Allocation is perceived as slow because it is. Getting memory from the OS is somewhat expensive because a page of memory needs to be allocated and stored off. Getting memory from traditional allocators is expensive because freespace needs to be tracked. When you say "I need 5 bytes" the allocator needs to find 5 free bytes to give back to you.

Bump allocators are fast because the operation of "I need 5 bytes" is incrementing the allocation pointer forward by 5 bytes and maybe doing a new page allocation if that's exhausted.

GC allocators are fast because they are generally bump allocators! The only difference is that when exhaustion happens the GC says "I need to run a GC".

Traditional allocators are a bit slower because they are typically something like an arena with skiplists used to find free space. When you free up memory, that skiplist needs to be updated.

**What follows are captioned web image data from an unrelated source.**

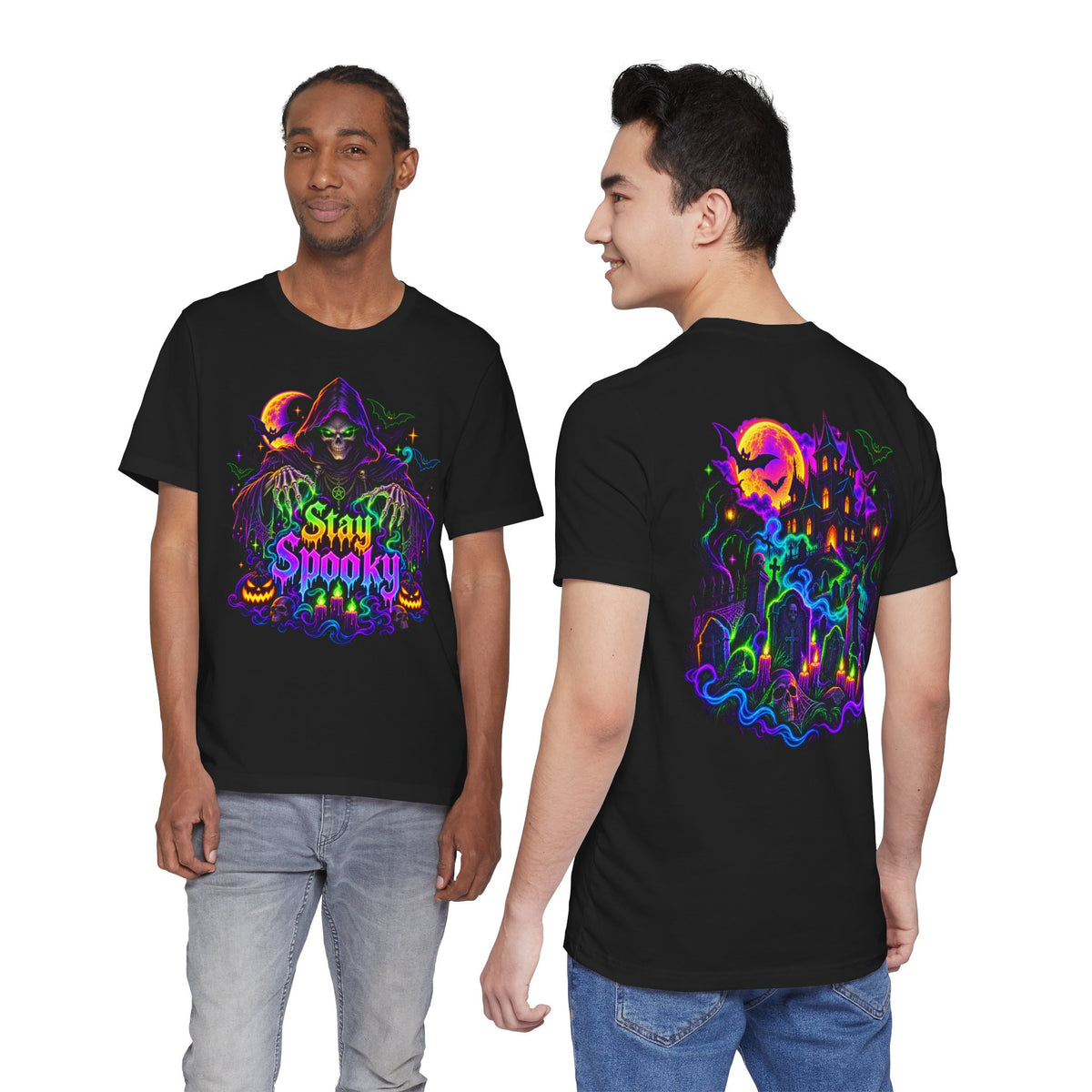 Stay Spooky Halloween Tee — Neon Grim Reaper & Haunted Castle Graphic T-Shirt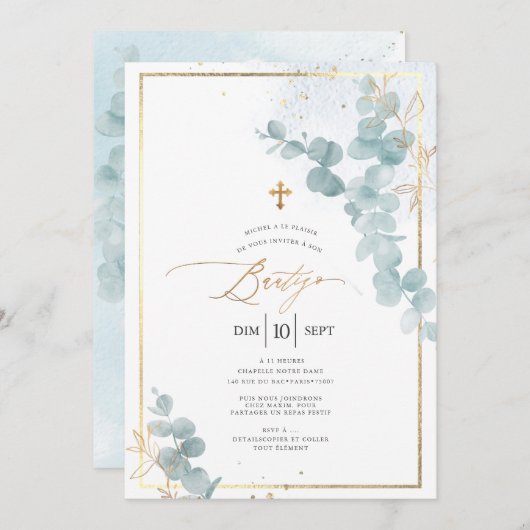 PixDezines Bautizo Euclipto Rustico Acuarela 招待状 (正面/裏面)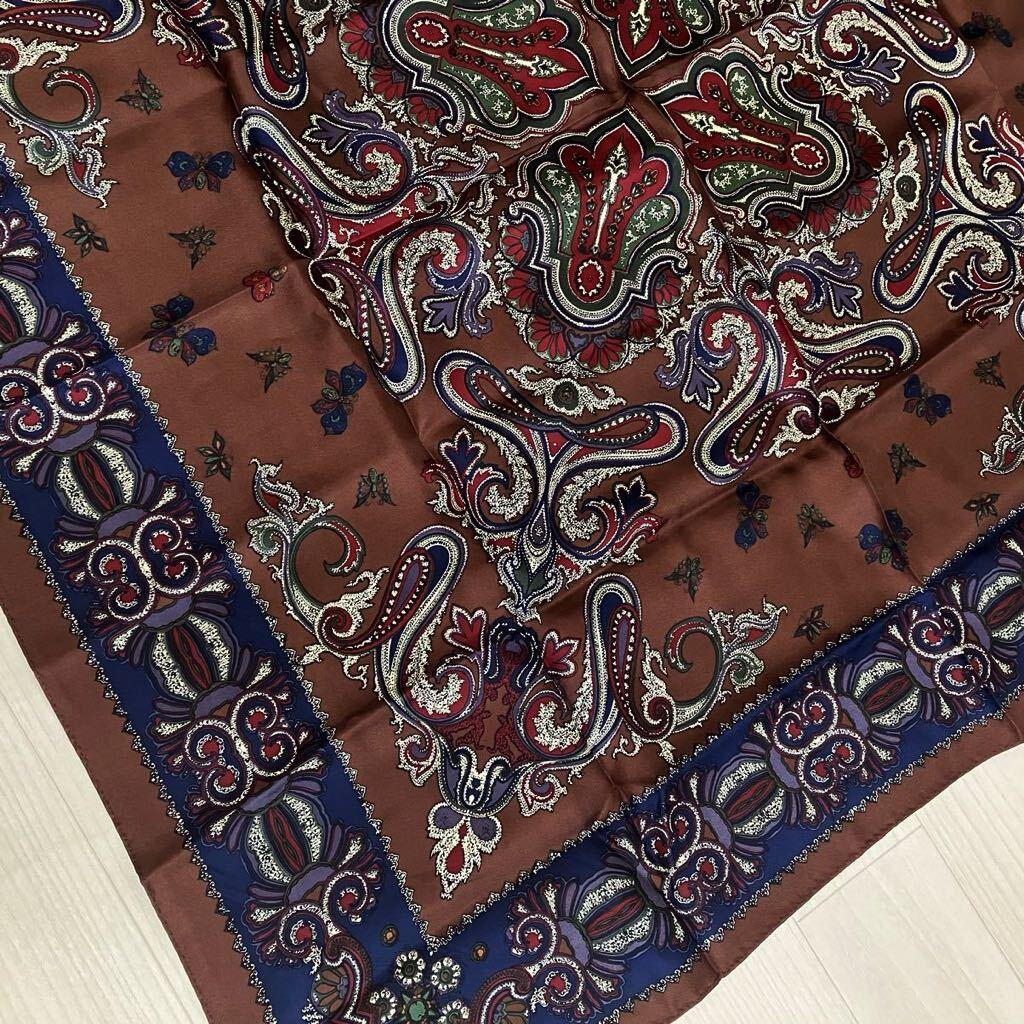 Used Scarf, silk scarf, 100% silk, large scarf, stole, shawl, all-over pattern, brown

But further, unlike bump and GC allocators another fault of traditional allocators is they have a tendency to scatter memory which has a negative impact on CPU cache performance. With the assumption that related memory tends to be allocated at the same time, GCs and bump allocators will colocate memory. But, because of the skiplist, traditional allocators will scattershot allocations to avoid free memory fragmentation.

All this said, for most apps this doesn't matter a whole lot. However, if you are doing a CPU/memory intense operation then this is stuff to know.